About this collection
This collection contains marriage records from Speyer covering the years 1876 up to and including 1918. Speyer, (also spelled "Speier" until 1825) is located about 12 miles south of Ludwigshafen and Mannheim in the Rhine-Neckar Metropolitan Region of the Upper Rhine. Speyer is one of the independent cities in the state of Rhineland-Palatinate which was established in 1946.
Founded by the Romans, Speyer is one of the oldest cities in Germany and home to the Speyer Cathedral, a UNESCO World Heritage Site. During the time period of this collection, Speyer belonged to the Kingdom of Bavaria.
Beginning on January 1, 1876, birth, marriage and death records in the former German Empire were created by local registry offices. The collected records are arranged chronologically and usually bound together in the form of yearbooks. These are collectively referred to as "civil registers." Occasionally, alphabetical directories of names were also created. While churches continued to keep traditional records, the State also mandated that the personal or marital status of the entire population be recorded.

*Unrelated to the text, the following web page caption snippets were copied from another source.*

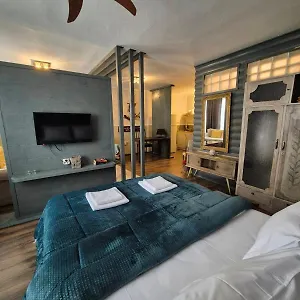 moodsolutionsskg.hotels-of-thessaloniki.com/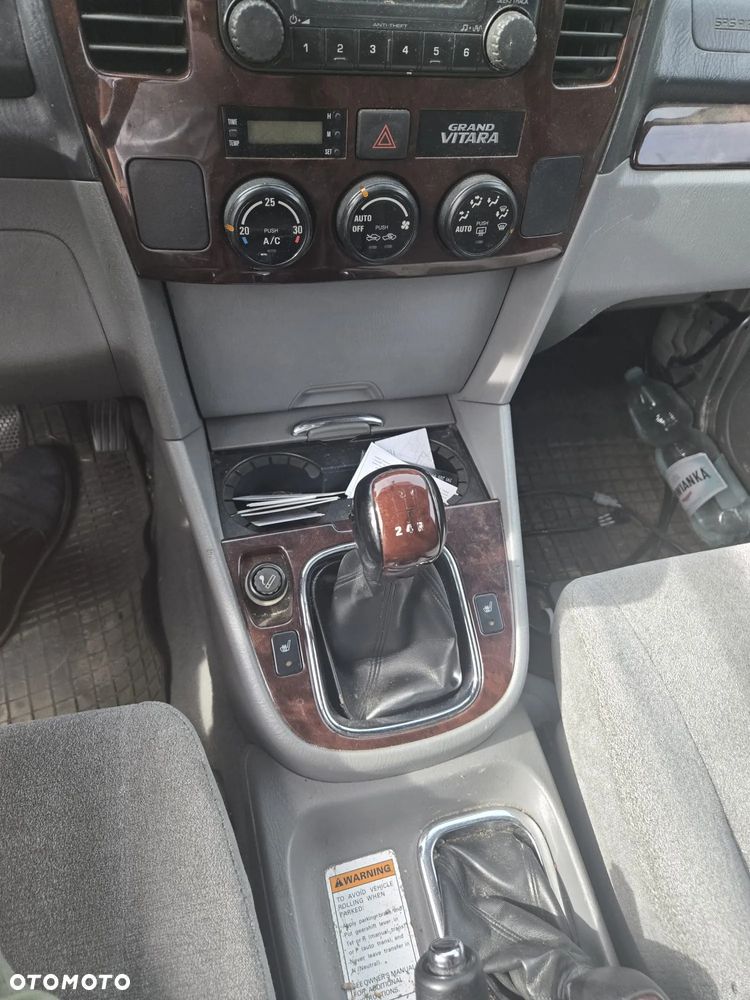Suzuki Grand Vitara - 22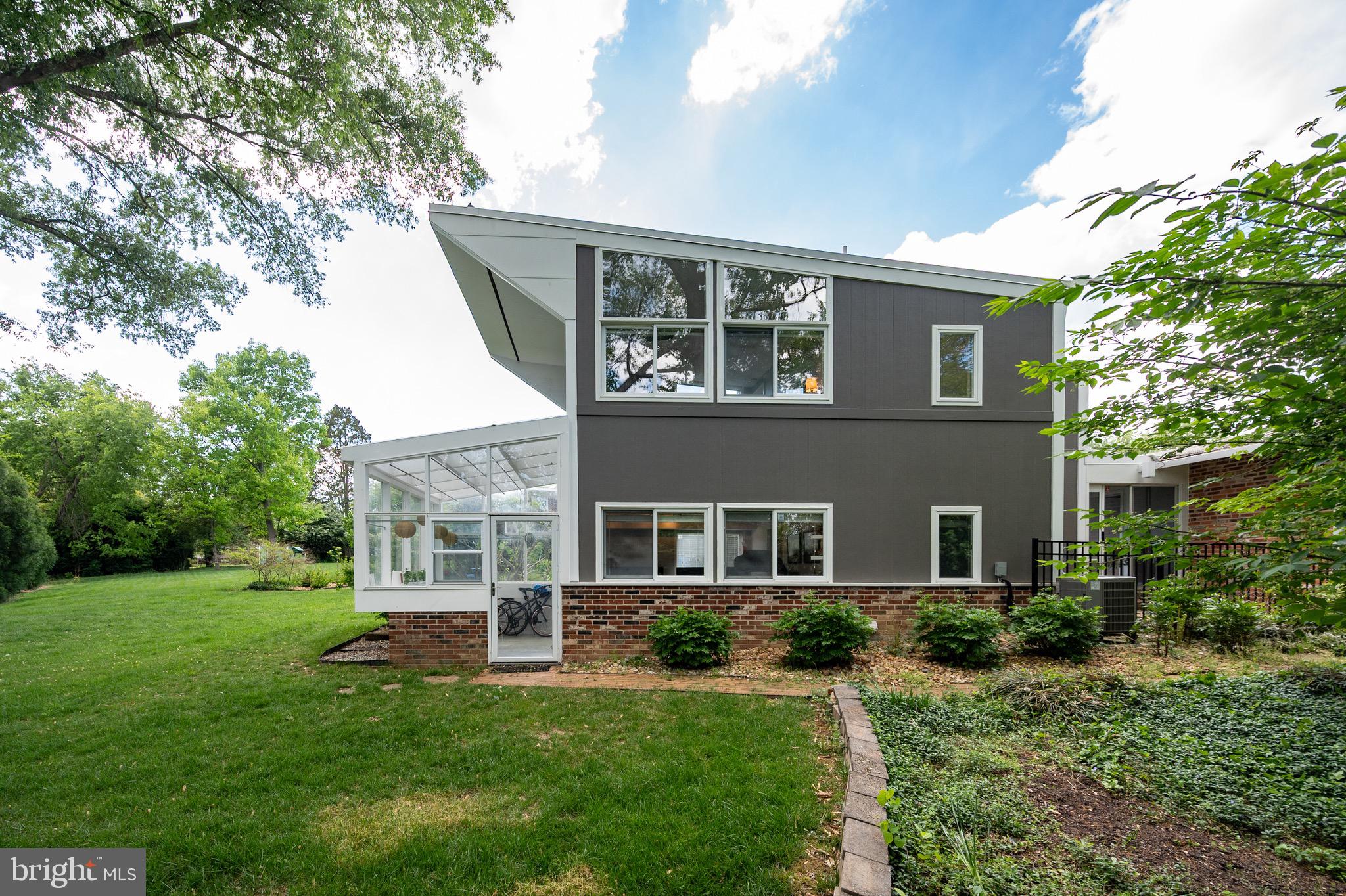 HOLLIN HILLS - Residential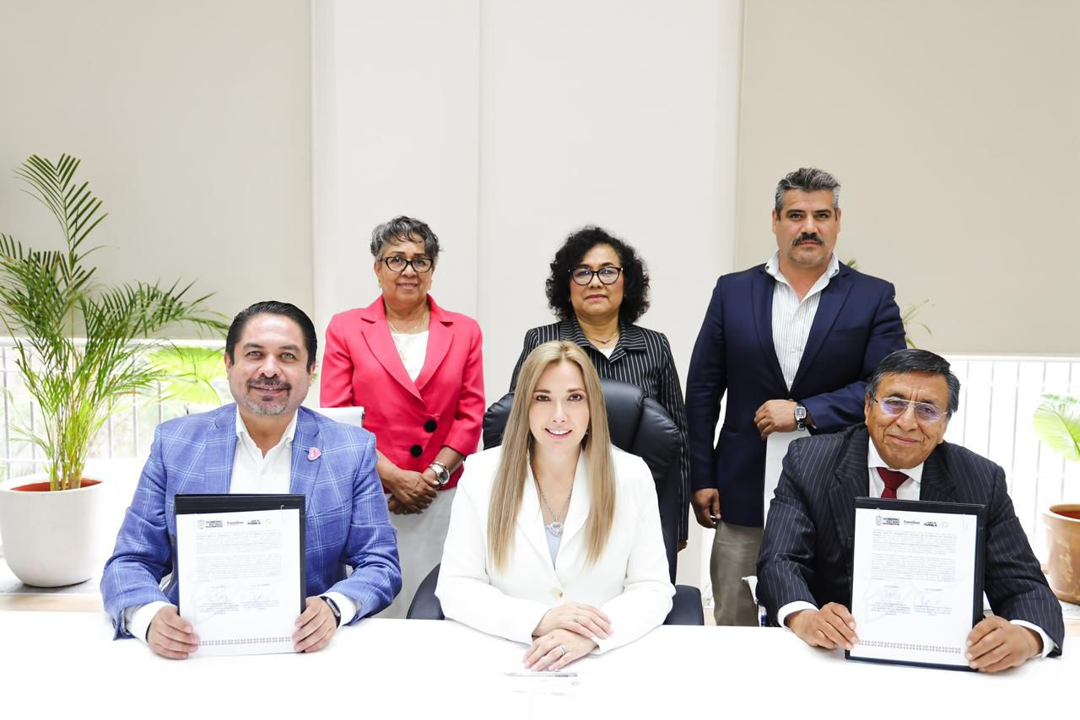 Firma SEDIF convenios estratégicos en beneficio de familias poblanas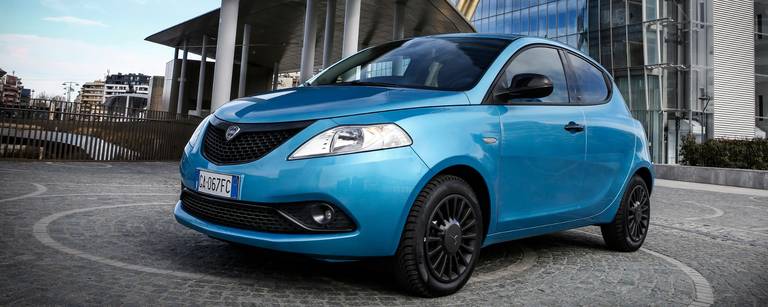 LANCIA Ypsilon hybrid ECOCHIC (1)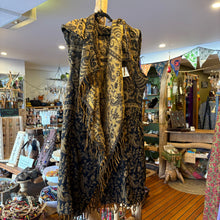 Load image into Gallery viewer, Paisley Nepalese Tunic ~ Festival ~ Gypsy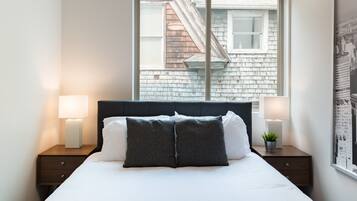 3 bedrooms, iron/ironing board, travel crib, free WiFi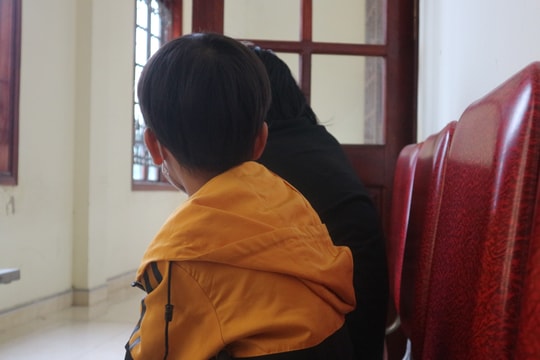 Vợ nối gót chồng bán ma túy, con thơ 8 tuổi ngơ ngác xuống tòa gặp mẹ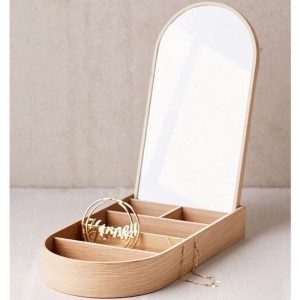 минимална дървена кутия за бижута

What you can find in the records
Marriage records were created using preprinted forms that were filled in by hand by the registrar. Depending on the individual form or on the formulations used by the registrar, you may find:
- Sequential or Certificate Number
- Marriage Date
- Groom: Occupation, Given names, Last name, Denomination, Birthdate, Birthplace, Residence as well as details about any previously deceased spouses and about his parents and their place of residence
- Bride: Occupation, Given names, Last Name, Maiden Name, Denomination, Birthdate, Birthplace, Residence as well as details about any previously deceased spouses and about her parents and their place of residence
More about using this collection
Each document has a front and back. These are displayed one ofter the other. Additional events from the life of the couple, including divorces, were sometimes recorded later on in the margins. These notes, sometimes referred to as "narration," can contain very useful information but they have not been indexed. As a result, information from the notes will not found via the search form.